All the lines below should appear again unchanged, though their pictures should not.

Information provided:
* * *

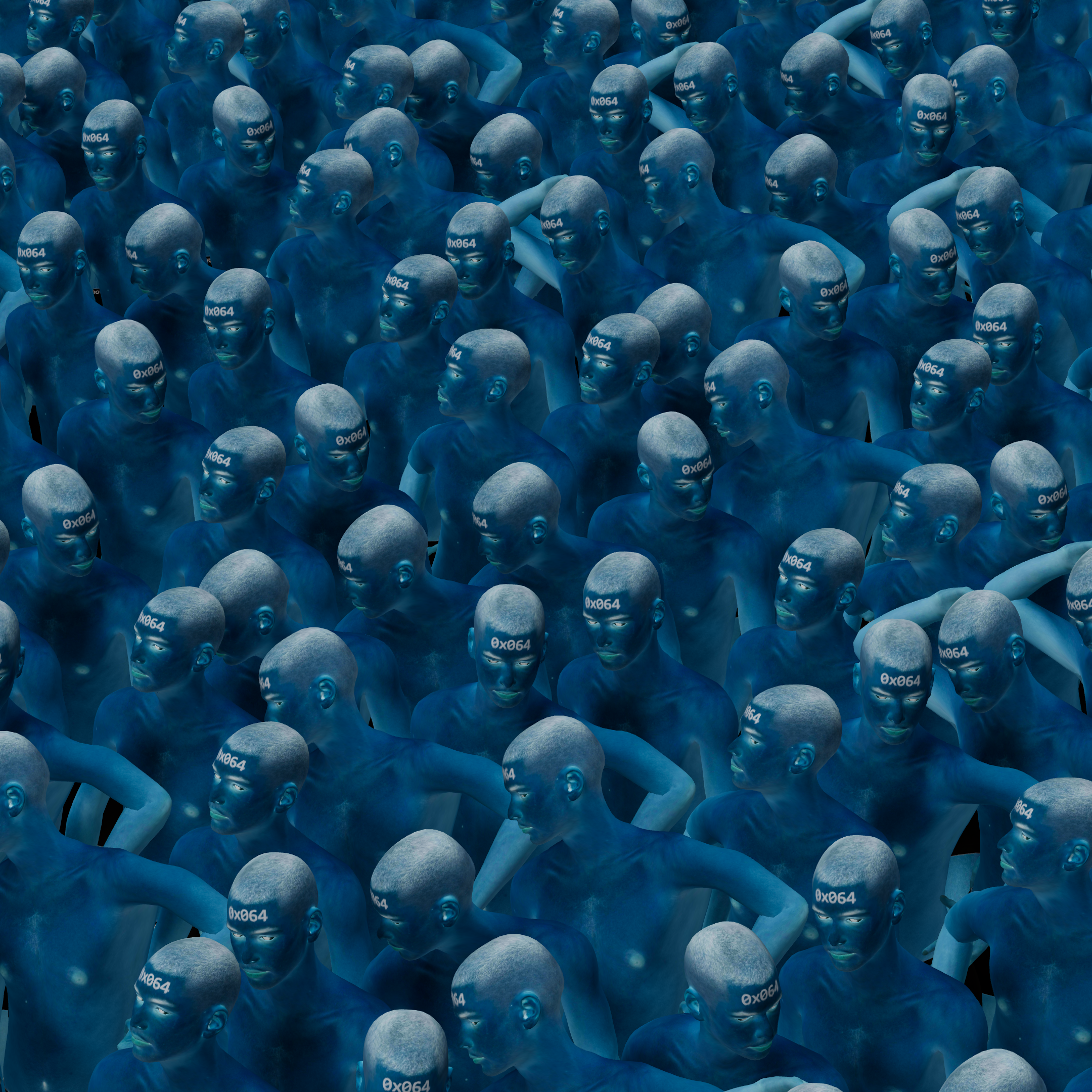 Mannys Crowd #64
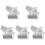 10 Pcs Bee Cage Rearing Clips Professional Beekeeping Tool 4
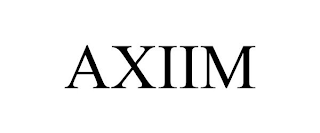 AXIIM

* * *

Response for this exercise:
 Mannys Crowd #64
 10 Pcs Bee Cage Rearing Clips Professional Beekeeping Tool 4
 AXIIM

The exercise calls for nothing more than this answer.